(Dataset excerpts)
********

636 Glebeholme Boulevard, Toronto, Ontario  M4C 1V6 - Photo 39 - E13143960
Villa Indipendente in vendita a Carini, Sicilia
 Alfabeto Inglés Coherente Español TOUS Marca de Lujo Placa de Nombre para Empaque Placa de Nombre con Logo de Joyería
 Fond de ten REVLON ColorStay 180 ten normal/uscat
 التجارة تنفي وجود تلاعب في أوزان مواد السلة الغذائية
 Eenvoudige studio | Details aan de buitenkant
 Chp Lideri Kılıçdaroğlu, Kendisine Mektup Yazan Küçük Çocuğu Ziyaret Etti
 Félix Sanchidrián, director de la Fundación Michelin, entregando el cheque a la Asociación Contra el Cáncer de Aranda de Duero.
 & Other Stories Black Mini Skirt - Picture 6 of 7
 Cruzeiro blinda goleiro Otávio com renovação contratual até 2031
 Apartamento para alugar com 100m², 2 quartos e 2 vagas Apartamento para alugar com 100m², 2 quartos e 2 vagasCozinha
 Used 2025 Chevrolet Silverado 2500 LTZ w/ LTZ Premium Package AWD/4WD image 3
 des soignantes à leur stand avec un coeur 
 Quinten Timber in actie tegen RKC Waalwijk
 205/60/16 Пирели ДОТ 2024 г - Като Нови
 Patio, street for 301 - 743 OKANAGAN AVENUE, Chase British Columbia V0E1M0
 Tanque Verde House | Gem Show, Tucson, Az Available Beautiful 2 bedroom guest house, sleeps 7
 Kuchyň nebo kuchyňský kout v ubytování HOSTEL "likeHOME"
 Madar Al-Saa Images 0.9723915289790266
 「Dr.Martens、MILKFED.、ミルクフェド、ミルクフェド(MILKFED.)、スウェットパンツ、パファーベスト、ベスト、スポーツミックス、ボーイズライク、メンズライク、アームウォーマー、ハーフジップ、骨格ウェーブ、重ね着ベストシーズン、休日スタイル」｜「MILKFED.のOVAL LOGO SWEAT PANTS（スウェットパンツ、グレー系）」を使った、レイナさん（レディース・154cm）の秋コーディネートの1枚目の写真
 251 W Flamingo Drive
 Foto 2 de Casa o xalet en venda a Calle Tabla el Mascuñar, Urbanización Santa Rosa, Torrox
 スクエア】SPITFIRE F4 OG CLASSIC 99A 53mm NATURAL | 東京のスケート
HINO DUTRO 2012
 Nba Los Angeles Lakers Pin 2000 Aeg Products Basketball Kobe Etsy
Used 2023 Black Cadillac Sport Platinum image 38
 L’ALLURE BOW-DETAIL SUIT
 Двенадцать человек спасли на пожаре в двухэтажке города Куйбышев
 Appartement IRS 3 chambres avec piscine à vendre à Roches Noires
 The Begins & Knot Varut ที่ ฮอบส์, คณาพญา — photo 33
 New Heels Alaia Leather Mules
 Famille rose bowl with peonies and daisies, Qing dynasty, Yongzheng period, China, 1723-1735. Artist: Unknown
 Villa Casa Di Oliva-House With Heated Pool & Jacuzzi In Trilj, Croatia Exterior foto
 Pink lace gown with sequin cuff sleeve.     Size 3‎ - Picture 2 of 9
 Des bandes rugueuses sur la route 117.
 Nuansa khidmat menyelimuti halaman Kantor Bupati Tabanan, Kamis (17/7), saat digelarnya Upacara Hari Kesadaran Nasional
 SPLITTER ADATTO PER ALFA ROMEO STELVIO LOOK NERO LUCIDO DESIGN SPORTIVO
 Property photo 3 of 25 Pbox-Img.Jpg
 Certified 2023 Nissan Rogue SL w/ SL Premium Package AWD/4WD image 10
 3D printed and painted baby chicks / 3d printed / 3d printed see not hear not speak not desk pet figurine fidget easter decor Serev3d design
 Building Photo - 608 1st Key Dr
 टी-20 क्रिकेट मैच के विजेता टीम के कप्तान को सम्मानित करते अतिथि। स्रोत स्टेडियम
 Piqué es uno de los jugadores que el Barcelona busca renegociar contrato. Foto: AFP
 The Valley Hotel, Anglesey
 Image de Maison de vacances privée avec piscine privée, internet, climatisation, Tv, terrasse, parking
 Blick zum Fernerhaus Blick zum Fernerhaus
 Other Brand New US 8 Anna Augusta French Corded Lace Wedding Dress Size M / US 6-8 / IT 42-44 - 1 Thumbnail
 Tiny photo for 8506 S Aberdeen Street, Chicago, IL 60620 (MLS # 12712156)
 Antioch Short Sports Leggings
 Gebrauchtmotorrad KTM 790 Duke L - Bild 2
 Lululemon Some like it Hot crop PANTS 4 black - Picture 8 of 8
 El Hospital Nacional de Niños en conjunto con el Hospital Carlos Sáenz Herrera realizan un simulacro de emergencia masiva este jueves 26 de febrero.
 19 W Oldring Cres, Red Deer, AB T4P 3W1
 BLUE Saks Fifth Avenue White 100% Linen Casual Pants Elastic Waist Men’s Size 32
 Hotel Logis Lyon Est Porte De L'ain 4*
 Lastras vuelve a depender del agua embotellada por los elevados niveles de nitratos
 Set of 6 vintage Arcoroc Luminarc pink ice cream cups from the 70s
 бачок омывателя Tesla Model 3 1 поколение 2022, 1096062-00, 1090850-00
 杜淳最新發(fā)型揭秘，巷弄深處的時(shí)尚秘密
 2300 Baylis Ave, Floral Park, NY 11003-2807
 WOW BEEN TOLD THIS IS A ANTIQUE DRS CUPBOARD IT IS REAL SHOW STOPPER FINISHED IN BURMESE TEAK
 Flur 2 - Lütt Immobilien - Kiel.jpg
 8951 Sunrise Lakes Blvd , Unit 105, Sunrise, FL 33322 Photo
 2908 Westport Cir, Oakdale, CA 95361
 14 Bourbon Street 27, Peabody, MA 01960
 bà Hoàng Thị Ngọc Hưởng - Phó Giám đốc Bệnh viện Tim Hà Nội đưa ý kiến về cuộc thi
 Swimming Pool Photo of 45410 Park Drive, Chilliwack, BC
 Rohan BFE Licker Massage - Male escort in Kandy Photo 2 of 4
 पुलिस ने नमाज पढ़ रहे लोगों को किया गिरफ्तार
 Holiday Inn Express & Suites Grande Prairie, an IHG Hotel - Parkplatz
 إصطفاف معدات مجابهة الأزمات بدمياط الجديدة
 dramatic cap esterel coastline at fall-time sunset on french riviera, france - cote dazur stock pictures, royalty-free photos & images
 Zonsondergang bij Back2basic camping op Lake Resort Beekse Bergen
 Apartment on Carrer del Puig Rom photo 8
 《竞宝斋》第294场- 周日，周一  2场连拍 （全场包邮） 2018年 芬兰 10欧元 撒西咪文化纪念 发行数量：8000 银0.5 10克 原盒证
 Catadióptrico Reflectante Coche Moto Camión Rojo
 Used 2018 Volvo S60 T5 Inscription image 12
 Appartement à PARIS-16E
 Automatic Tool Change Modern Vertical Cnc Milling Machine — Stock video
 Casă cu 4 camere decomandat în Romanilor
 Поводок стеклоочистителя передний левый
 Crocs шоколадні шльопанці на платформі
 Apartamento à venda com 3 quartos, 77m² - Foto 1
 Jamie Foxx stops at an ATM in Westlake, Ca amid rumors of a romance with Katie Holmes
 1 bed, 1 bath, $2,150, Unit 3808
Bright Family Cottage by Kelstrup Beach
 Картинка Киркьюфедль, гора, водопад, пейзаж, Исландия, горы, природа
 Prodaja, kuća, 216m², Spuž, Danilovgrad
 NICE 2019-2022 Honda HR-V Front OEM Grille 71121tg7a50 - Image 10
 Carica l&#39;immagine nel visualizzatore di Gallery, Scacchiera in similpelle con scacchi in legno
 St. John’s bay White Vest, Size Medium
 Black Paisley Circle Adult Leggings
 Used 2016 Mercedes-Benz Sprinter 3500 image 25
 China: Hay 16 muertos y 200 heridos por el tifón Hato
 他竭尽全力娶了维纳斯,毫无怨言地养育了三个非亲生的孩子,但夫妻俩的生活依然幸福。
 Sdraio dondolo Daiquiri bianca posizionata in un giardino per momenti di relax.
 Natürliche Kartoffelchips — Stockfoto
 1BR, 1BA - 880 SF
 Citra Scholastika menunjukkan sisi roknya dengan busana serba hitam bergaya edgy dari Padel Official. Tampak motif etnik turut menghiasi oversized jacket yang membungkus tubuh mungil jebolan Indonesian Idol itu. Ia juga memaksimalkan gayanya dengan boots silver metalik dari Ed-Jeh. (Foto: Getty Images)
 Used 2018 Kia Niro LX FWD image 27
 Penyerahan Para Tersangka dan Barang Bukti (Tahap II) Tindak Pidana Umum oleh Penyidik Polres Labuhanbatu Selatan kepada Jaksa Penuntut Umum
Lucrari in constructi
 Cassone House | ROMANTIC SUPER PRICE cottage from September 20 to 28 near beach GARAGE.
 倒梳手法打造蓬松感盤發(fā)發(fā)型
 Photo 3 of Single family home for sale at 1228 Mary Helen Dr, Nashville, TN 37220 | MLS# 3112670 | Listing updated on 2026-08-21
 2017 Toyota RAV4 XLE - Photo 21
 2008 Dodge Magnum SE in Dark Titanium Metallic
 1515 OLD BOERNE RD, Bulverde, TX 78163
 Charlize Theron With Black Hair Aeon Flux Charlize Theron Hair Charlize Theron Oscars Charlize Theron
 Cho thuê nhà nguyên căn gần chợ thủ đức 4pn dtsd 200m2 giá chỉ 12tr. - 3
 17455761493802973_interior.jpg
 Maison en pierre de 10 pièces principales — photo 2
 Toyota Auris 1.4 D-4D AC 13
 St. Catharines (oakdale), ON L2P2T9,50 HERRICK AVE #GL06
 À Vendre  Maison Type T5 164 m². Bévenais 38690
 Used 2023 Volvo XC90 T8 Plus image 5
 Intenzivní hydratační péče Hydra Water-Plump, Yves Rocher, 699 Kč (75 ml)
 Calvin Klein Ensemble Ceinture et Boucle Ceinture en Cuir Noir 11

********

#### What you should do:
Report the number of lines in the entries where the word "Other" occurs, and add nothing else.

#### Exercise result:
2